IV. LEAVE TO RE-PLEAD
Although plaintiff has not requested leave to re-plead his amended complaint, the Court has considered whether plaintiff should be given an opportunity to re-plead his federal claims. Under Rule 15(a) of the Federal Rules of Civil Procedure, the "court should freely give leave [to amend] when justice so requires." Fed. R. Civ. P. 15(a)(2). However, even under this liberal standard, this Court finds that any attempt to amend the pleading in this case would be futile. See Cuoco v. Moritsugu, 222 F.3d 99, 112 (2d Cir. 2000) ("The problem with [plaintiff's] causes of action is substantive; better pleading will not cure it. Repleading would thus be futile. Such a futile request to replead should be denied."). As discussed in detail supra, it is clear from the amended complaint that plaintiff does not have any possibility of asserting plausible federal claims because dismissal is not based upon pleading deficiencies, but rather legal doctrines (such as untimeliness under the ADA) that cannot be remedied by any amendments. Thus, where any amendment to the complaint would clearly be futile, dismissal without leave to re-plead is appropriate. See, e.g., Peterec-Tolino v. New York, 364 F. App'x 708, 711 (2d Cir. 2010) (affirming district court's sua sponte dismissal of § 1983 claims without leave to amend because, inter alia, certain defendants were not state actors and "[a]ny amendment would be futile"); Wilson v.

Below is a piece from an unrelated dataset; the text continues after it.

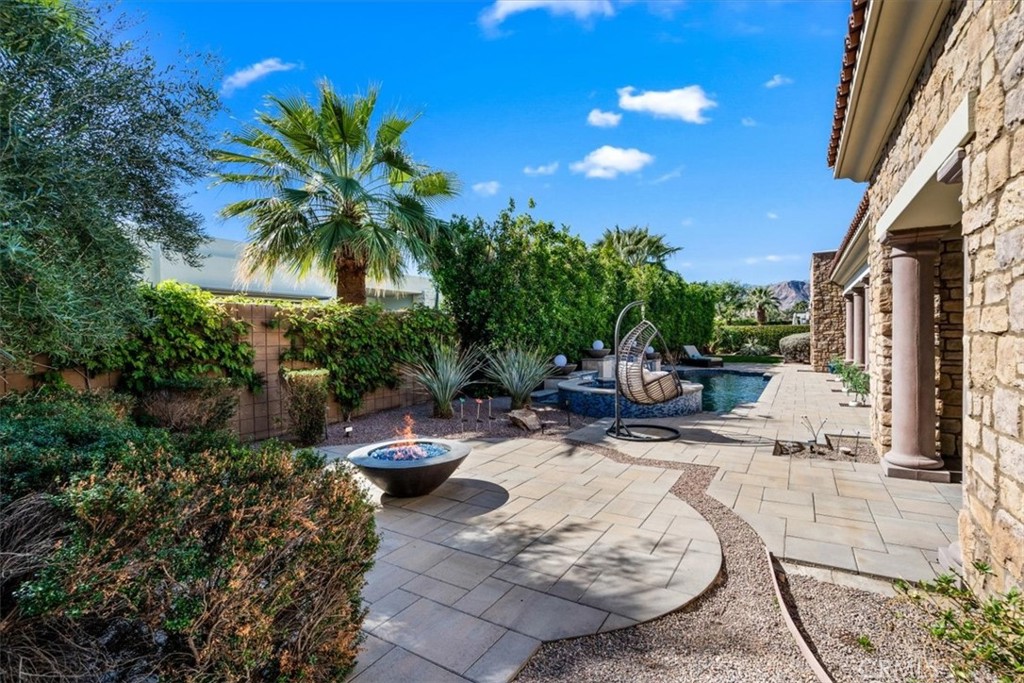 17 Emerald Court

Wilson-Poison, No. 09 Civ. 9810(PGG), 2010 WL 3733935, at *10 (S.D.N.Y. Sept. 23, 2010) (leave to amend unwarranted because, inter alia, plaintiff could not allege state action under Section 1983).
In addition, plaintiff has not requested an opportunity to re-plead, and has failed to explain how any amendment could possibly state a plausible legal claim. Thus, the Court declines to grant leave to re-plead. See, e.g., Ackerman v. Doyle, 43 F. Supp. 2d 265, 275 (E.D.N.Y. 1999) ("[T]he Court is unable to discern a viable cause of action from the complaint, and the plaintiff did not request leave to replead. The Court declines to sua sponte afford the plaintiff leave to amend on the ground of futility. In the Court's view, granting leave to amend would be unproductive and dismissal with prejudice is appropriate.").

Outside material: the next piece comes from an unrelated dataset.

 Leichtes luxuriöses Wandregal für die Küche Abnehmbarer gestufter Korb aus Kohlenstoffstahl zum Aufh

Finally, plaintiff has been given ample opportunity to allege a claim and has failed to do so. In response to the defendants' pre-motion letter requesting leave to file a motion to dismiss, plaintiff requested leave to amend. However, plaintiff's amended complaint is still defective. Under these circumstances, the Court declines to grant plaintiff yet another opportunity to re-plead. See De Jesus v. Sears, Roebuck & Co., 87 F.3d 65, 72 (2d Cir. 1996) (noting that the Second Circuit has "upheld decisions to dismiss a complaint without leave to replead when a party has been given ample prior opportunity to allege a claim" (citing Armstrong v. McAlpin, 699 F.2d 79, 93-94 (2d Cir. 1983) ("Because the complaint whose allegations were being considered by the district court was plaintiffs' second amended complaint, the district court did not abuse its discretion in refusing to give plaintiffs a fourth attempt to plead."))).
V. CONCLUSION
For the foregoing reasons, the Court grants defendants' motion to dismiss plaintiff's federal claims in their entirety. The Court declines to exercise supplemental jurisdiction over plaintiff's state law claims and these claims are dismissed without prejudice. The Clerk of the Court shall enter judgment accordingly and close the case.
SO ORDERED.
______________________
JOSEPH F. BIANCO
United States District Judge
Dated: September 5, 2012
Central Islip, New York
* * *
Plaintiff is represented by Howard E. Gilbert, Law Offices of Howard E. Gilbert, 532 Broadhollow Road, Suite 107, Melville, NY 11747. Defendants Town of Huntington, Frank P. Petrone, Mark Cutherbertson, Susan A. Berland, Mark Mayoka, Glenda A. Jackson are represented by James P. Clark, Law Offices of James P. Clark, P.C., 256 Main Street, Suite 202, Northport, NY 11768. Defendants Town of Huntington Highway Department and William Naughton are represented by John J. Leo, Town of Huntington, 100 Main Street, Huntington, NY 11743.